On Monday, April 15, people around the world watched as emergency responders struggled to halt the flames tearing apart the Notre-Dame Cathedral in Paris. The Notre-Dame fire was likely caused by accident. However, in the same month that the cathedral burned, cultural and religious institutions around the world experienced very deliberate attacks. Consider church burnings in Louisiana or the recent terrorist attack in Sri Lanka. The damage to Notre Dame is no doubt a tragedy. But the present destruction of spaces of communal worship reflects a larger and far more concerning pattern throughout history regarding the circumstances that enable some sites to survive and not others.

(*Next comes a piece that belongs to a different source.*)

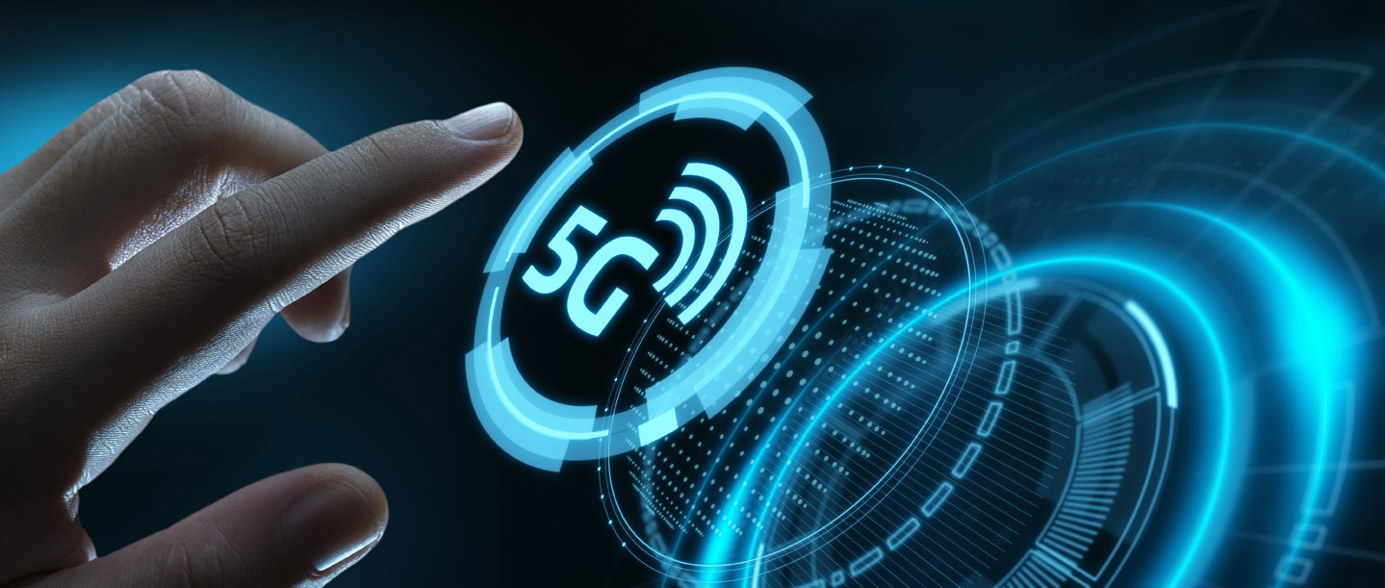 5G modules with quick couplings reduce stress on power grids and optimize field operations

This pattern has occurred all throughout history, in a world where those responsible for the most widespread destruction of cultural sites were able to write their role as explorers, liberators and developers of civilization. When Spanish conquistadors, for example, built churches on top of Incan spiritual sites, there was no one around to raise hundreds of millions of dollars to rebuild their temples. America repeated the same story in 2016. The construction of the Dakota Access Pipeline pointed to continued disenfranchisement of indigenous peoples in the United States, as the Standing Rock Sioux tribe saw their access to clean water threatened by environmentally-irresponsible infrastructure projects. As the Trump administration opened formerly protected lands to leasing for oil extraction and other private interests, the march of economic progress continued to destroy the spiritual sites of indigenous peoples.
In the Middle East, ISIS forces have destroyed countless mosques and ancient buildings. In 2017, they destroyed the 842-year-old al-Nuri mosque in Mosul as Iraqi forces closed in on the city. Their campaign has demonstrated the symbolic power of this kind of destruction in real time, and it will take countless years to repair the damage caused by the group. This kind of deliberate destruction follows the exact same model as the violence that came before it in New Spain and the United States. Those monuments that did not survive were not eliminated by some natural process but rather out of the power to enact violence. Evidently, there is power in the ability to destroy others’ monuments and in the ability to preserve your own.
On March 26, April 2 and April 4, an arsonist destroyed three predominantly black churches in St. Landry Parish, LA. These places of worship brought together communities for something greater than themselves, much like Notre-Dame. But the over $2.1 million raised by a crowdfunding campaign for the black churches pales in comparison to the over $1 billion already pledged to repair the cathedral. The fundraising differential is due to more than just the value of the buildings themselves. It is a reflection of France’s entire history of the nation’s development — including colonization — for as long as the cathedral has been around.
So yes, it is tragic that damage has befallen a site that has survived as long as Notre-Dame. But it’s not as if those other sites are no longer around simply because they weren’t as important. Notre-Dame does have tremendous historic value by sheer virtue of its longevity, but we cannot let its survival alone legitimize the history it represents. Succumbing to triumphalism in our evaluation of the damages erases the fact that much of this history is marred by extreme violence and imperialism.
Many in France identify with the cathedral as a symbol of their resoluteness in the face of threats, but we should take care to think of those who did not survive the threats to their ways of living. Simply because the victims of imperialism were unable to resist the forces that tore their families and tribes apart does not mean that their loss is any less significant. It is precisely this form of normalized, institutionalized violence that threatens humanity the most. We must save more than just the Notre-Dame: We must save our lost sympathy for the oppressed.